Desde mi condición de liturgista, me complace confesar mi aprecio por el nuevo modo de presidir y de celebrar que el papa está inaugurando. Algo he venido escribiendo en este blog en los últimos meses. Aprecio el clima de recogimiento y de oración profunda que el papa Francisco logra crear en su entorno, sin divagaciones ni distracciones innecesarias. Los maestros de ceremonias que le acompañan apenas si necesitan intervenir. Todo discurre con quietud, sin prisas, con serenidad. Además al papa no le gustan los gestos ostentosos, ni los saludos ampulosos; ni siquiera el uso del canto.
Pero aquí deseo introducir unas reservas, humildes y serenas, también desde mi condición de liturgista. No quiero que se me quede nada en el tintero. Hasta pienso que alguien se ha de sentir satisfecho al poder compartir mis reservas. Si tuviera que condensar en una sola observación mi reserva principal me referiría al modo opaco e inexpresivo con que el papa se dirige a la asamblea que le rodea, casi siempre abultada y numerosísima. Cuando uno escucha al papa y oye el saludo con que se dirige a la gran multitud podría pensar que el papa solo tiene delante de si una docena de personas. Uno piensa que el papa Francisco, acostumbrado, como buen jesuita, a dirigir tandas de ejercicios espirituales, utiliza para hablar un tono recatado, opaco, tenue, susurrante. Cuando uno se dirige a una gran asamblea, sobre todo en un espacio abierto, debe sacar otro tono de voz, vibrante, acorde con las exigencias del espacio y con la muchedumbre de personas que le escucha. Esta observación habría que referirla a las grandes alocuciones, a las bendiciones y, sobre todo, a las plegarias importantes. No voy a meterme con el canto, porque yo no conozco las habilidades y las carencias del papa Bergoglio; pero he de reconocer que muchos echamos de menos la proclamación cantada de algunos textos.
Yo no vivo en Roma ni puedo seguir de cerca las costumbres litúrgicas del papa.
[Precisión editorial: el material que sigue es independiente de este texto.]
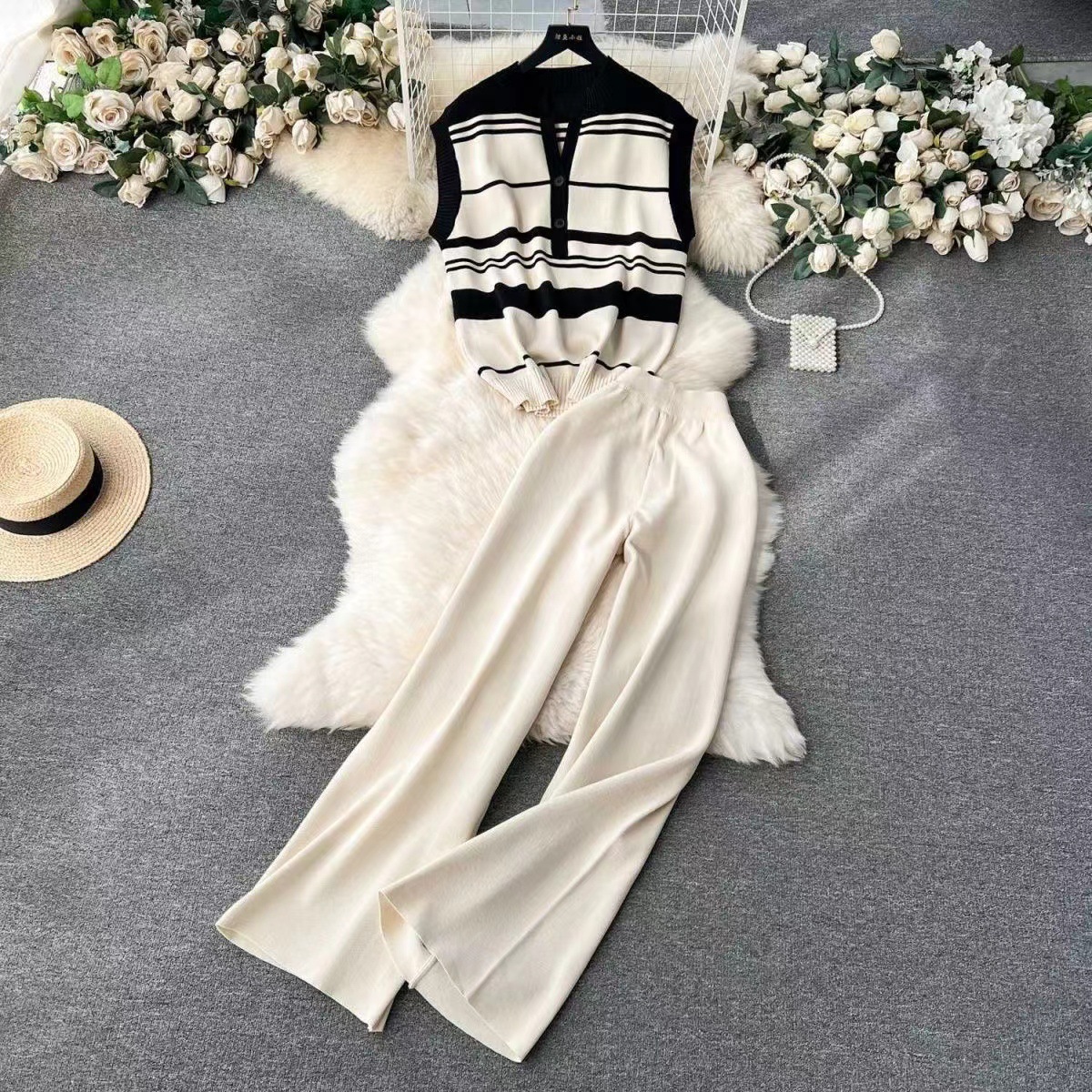 senso del design femminile canotta abbinata ai colori versatile vita alta pantaloni larghi gamba abito due pezzi alla moda_voghion.com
Me limito a comentar su comportamiento solo a partir de lo que veo en las celebraciones televisadas. En este sentido reconozco que los prefectos de liturgia que organizan las celebraciones papales están consiguiendo una liturgia ejemplar, sin aditamentos superfluos, sobria y, hasta cierto punto, sencilla.
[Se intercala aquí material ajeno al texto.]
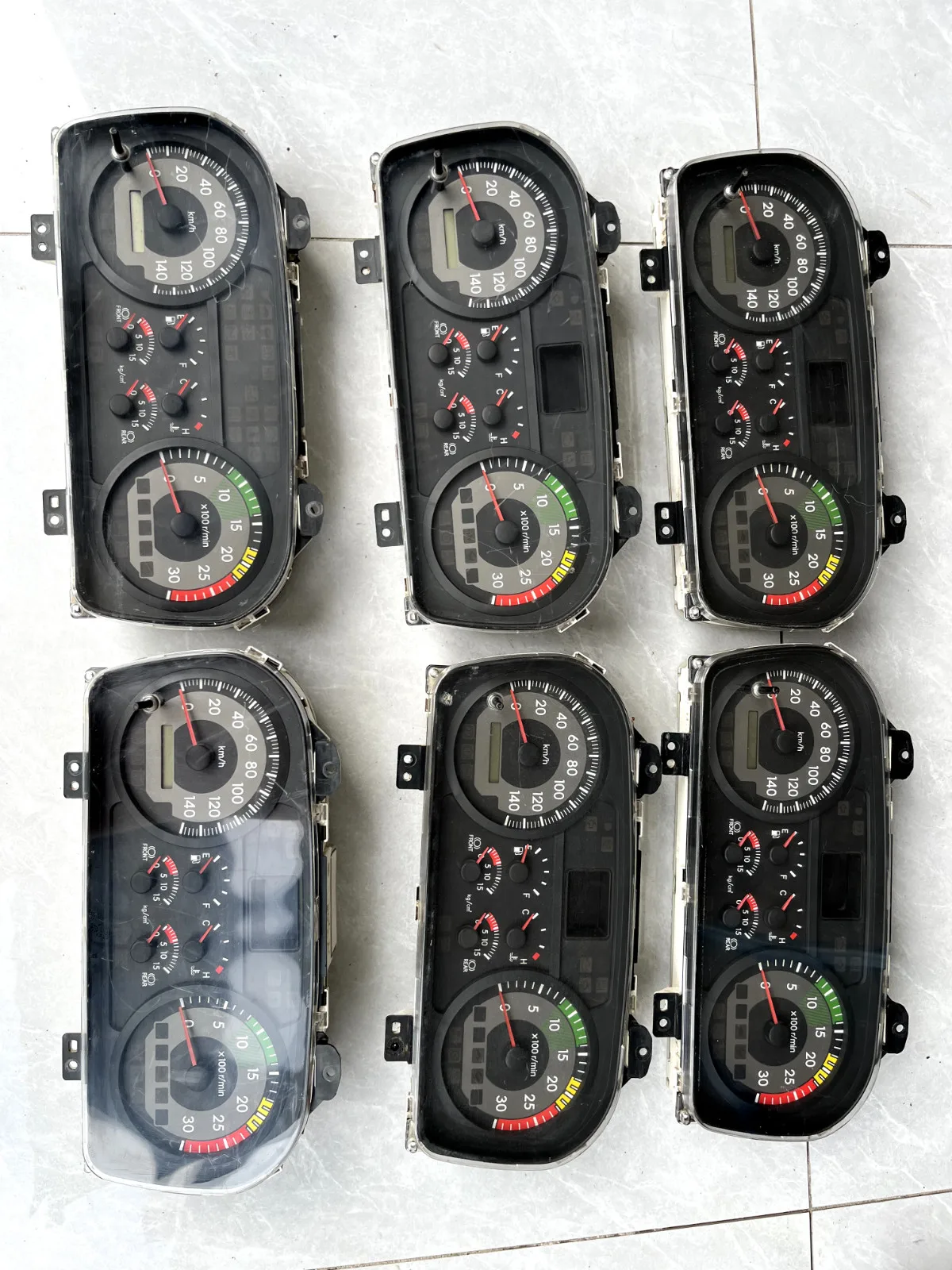 83800-E0C92 Used Instrument Cluster for HINO 700 P11C Diesel Truck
No quiero dejar pasar una referencia a la misa diaria del papa en santa Marta. Hay que felicitarse de que el papa, por fin, haya desistido de su misa particular, en su capilla privada del palacio apostólico, acompañado de su capellán o de su secretario particular, y haya optado por celebrar en la capilla de santa Marta, compartiendo la eucaristía con los sacerdotes de la residencia y el personal de servicio. Hay que reconocer que ésta ha sido una decisión acertadísima y que debe marcar, para muchos obispos y sacerdotes, una línea de comportamiento.
Mi impresión crítica, como puede observarse, está marcada por luces y sombras. Mi impresión global es que Francisco es un gran papa, que está impregnando a la Iglesia de ilusión y de una gran esperanza; pero me fastidia reconocer que Francisco no es un gran liturgo. En las celebraciones que él preside suelo encontrar siempre algo que no me cuadra. Quizás deba reconocer, simple y llanamente, que yo soy víctima de algún trauma profesional inconfesable.